Begin at the line containing "Homestyle Meatloaf with Mashed Potatoes" in the data below and go on through the line containing "Liveonus Shower Mat", repeating each line exactly; include both ends and no other line.

Dataset excerpts
+ + +
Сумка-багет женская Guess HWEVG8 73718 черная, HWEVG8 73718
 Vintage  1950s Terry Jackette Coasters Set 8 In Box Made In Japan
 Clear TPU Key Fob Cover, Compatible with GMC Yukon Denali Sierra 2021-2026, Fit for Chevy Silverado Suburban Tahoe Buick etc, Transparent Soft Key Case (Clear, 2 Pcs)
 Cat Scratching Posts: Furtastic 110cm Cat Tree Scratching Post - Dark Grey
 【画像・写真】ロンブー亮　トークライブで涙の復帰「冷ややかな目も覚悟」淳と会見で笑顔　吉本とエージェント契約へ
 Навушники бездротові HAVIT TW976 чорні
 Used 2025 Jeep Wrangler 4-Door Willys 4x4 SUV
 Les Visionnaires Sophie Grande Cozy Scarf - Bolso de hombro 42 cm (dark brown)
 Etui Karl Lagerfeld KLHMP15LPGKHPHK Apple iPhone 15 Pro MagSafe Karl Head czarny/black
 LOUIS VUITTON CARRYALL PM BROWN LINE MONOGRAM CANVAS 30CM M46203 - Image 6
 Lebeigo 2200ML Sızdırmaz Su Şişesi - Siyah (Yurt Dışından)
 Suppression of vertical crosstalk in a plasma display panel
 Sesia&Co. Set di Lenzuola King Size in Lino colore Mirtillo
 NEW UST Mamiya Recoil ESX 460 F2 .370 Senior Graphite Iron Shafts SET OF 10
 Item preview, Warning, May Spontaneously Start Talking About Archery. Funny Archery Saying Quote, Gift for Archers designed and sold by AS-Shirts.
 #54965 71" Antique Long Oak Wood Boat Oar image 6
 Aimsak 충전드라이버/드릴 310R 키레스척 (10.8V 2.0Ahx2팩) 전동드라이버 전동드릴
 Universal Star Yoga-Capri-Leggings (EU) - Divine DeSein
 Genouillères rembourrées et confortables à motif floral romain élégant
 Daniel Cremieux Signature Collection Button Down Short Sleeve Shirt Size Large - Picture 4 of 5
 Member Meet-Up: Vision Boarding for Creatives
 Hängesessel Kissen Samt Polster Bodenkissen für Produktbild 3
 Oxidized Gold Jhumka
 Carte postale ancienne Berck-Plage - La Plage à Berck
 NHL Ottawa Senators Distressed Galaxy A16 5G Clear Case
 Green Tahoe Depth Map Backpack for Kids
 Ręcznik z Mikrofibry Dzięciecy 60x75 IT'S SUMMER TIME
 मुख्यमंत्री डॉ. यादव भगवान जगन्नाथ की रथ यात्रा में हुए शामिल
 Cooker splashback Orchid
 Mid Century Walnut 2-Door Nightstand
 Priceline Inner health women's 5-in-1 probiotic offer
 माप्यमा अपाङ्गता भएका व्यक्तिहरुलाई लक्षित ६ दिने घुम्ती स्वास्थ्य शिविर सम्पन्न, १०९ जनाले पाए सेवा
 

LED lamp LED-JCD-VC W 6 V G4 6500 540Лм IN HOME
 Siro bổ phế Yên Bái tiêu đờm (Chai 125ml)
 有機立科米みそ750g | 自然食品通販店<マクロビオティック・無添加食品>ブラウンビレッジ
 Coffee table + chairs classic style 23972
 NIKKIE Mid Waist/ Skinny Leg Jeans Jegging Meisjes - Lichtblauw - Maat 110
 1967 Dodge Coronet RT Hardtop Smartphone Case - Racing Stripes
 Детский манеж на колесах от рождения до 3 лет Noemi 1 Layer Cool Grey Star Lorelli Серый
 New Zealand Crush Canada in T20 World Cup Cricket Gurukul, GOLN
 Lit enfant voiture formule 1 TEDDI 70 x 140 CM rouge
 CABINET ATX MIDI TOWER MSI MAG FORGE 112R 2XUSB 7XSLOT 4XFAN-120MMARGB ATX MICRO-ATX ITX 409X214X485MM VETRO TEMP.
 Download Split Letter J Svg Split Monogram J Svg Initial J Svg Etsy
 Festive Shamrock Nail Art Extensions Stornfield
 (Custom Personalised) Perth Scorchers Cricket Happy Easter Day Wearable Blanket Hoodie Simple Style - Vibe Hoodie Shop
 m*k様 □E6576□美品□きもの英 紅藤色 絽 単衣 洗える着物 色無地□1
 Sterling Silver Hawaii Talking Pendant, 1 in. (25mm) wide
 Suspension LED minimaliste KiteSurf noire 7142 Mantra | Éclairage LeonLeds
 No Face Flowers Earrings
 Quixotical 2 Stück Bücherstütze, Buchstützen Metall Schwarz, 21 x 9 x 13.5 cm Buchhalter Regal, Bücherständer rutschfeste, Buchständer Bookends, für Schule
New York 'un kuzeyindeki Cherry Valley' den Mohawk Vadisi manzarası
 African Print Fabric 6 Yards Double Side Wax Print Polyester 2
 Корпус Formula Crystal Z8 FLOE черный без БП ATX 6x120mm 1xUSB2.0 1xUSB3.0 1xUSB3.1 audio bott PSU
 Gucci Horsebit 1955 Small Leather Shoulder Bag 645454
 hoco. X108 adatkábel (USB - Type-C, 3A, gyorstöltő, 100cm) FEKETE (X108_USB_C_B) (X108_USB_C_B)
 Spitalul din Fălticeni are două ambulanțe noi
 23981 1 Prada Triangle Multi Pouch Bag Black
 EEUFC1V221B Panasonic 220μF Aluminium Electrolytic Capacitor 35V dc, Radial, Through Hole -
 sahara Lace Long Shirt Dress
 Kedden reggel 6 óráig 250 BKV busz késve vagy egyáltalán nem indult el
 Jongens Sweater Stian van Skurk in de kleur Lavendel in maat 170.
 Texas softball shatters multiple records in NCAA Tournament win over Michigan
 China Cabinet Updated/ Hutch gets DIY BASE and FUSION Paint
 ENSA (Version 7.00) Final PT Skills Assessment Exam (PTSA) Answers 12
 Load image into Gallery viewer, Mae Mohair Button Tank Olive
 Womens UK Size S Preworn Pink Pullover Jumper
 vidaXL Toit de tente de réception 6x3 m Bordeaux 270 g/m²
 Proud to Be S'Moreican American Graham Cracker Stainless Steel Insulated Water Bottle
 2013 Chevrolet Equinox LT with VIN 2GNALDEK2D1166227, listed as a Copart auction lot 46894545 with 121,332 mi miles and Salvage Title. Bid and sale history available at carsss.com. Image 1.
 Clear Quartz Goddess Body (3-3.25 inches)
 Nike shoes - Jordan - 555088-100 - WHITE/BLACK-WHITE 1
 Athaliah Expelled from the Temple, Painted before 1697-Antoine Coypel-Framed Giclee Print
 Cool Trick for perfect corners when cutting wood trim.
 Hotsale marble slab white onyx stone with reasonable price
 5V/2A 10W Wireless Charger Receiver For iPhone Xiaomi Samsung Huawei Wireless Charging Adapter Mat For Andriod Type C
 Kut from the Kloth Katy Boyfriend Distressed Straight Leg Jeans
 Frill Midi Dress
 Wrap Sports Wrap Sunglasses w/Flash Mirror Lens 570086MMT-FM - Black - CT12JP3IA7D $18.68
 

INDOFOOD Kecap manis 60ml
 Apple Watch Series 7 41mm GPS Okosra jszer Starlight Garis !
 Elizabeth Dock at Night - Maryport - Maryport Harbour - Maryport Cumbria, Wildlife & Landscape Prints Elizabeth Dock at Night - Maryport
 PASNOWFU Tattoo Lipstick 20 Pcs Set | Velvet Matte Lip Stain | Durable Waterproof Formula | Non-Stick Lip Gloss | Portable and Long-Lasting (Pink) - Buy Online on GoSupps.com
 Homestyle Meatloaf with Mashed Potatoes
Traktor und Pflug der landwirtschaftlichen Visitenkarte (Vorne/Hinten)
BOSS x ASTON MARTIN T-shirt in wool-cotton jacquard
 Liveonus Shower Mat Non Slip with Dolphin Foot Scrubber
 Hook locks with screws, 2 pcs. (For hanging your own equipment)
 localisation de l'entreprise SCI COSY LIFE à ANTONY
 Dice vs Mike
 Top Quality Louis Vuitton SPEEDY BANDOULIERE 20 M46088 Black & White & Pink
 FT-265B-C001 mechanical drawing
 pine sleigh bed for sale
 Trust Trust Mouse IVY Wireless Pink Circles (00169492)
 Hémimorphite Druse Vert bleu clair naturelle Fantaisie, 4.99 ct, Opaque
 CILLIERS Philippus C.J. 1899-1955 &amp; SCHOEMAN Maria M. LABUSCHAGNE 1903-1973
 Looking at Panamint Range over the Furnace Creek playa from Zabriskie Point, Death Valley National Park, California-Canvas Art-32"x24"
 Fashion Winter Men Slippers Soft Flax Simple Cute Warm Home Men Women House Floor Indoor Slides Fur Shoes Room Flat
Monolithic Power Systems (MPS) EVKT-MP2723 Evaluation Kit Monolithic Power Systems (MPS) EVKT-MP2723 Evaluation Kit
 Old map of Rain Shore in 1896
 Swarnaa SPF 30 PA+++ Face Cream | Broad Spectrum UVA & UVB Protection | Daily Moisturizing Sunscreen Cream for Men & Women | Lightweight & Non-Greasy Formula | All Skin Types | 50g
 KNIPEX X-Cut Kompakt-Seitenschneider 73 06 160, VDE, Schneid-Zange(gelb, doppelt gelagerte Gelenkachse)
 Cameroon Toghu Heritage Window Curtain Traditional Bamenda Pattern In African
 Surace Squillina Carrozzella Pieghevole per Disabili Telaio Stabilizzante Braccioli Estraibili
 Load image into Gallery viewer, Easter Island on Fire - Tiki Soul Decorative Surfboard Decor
+ + +
## RESULT OF THIS TASK
 Homestyle Meatloaf with Mashed Potatoes
Traktor und Pflug der landwirtschaftlichen Visitenkarte (Vorne/Hinten)
BOSS x ASTON MARTIN T-shirt in wool-cotton jacquard
 Liveonus Shower Mat Non Slip with Dolphin Foot Scrubber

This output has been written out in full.